> **The task**: Exactly as they appear below, repeat the lines from the one with "warrior HD wallpaper" through the one with "Matratze mit Kokosnusschicht". Drop every picture.

> **Exercise material**:
- - - - - - -

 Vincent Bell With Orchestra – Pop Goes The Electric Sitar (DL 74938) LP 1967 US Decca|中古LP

- - - - - - -

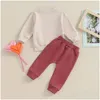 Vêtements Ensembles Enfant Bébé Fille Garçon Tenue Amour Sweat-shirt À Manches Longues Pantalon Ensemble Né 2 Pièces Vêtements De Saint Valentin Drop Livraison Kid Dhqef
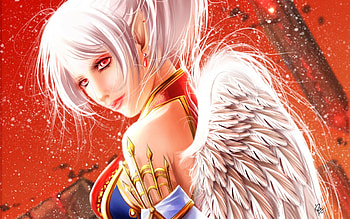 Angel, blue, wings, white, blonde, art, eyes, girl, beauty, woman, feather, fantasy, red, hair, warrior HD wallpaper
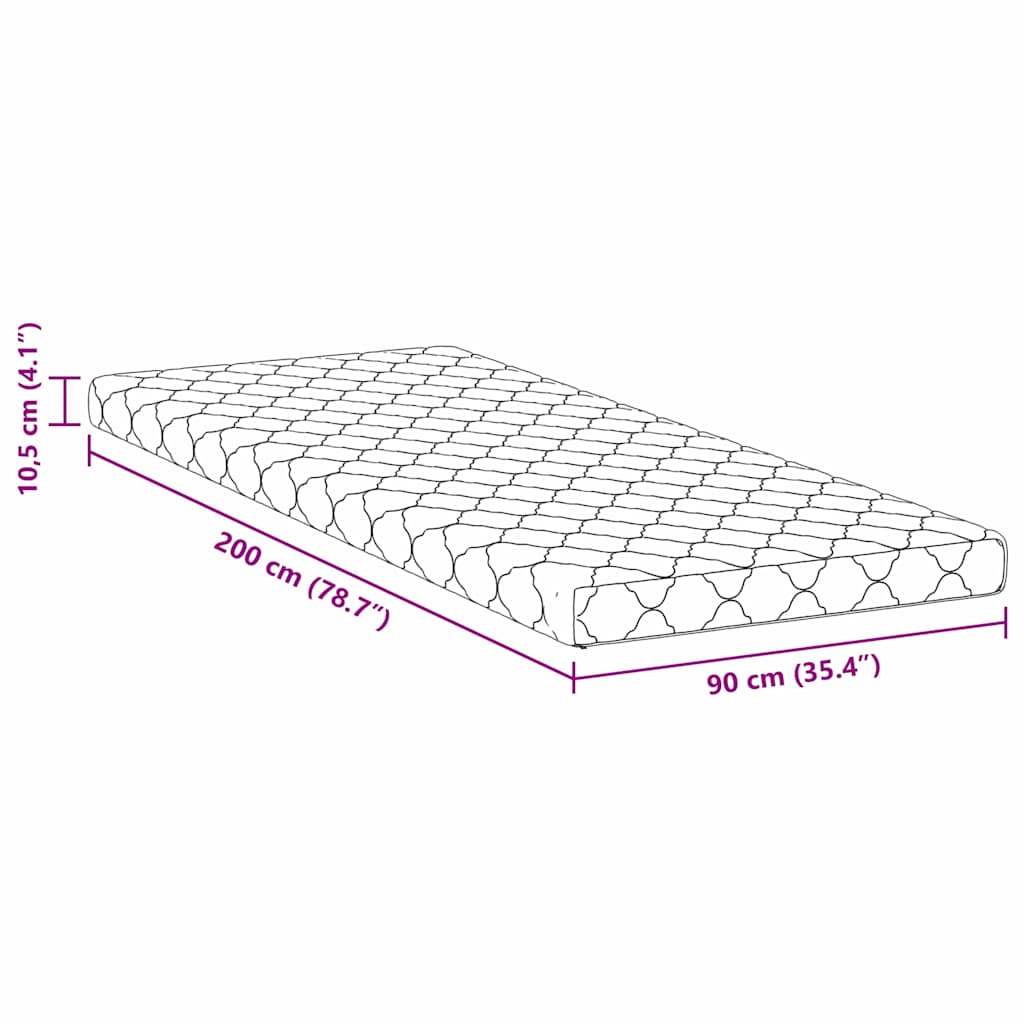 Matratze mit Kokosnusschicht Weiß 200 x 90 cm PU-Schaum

- - - - - - -

> **Answer area**:
 Angel, blue, wings, white, blonde, art, eyes, girl, beauty, woman, feather, fantasy, red, hair, warrior HD wallpaper
 Matratze mit Kokosnusschicht Weiß 200 x 90 cm PU-Schaum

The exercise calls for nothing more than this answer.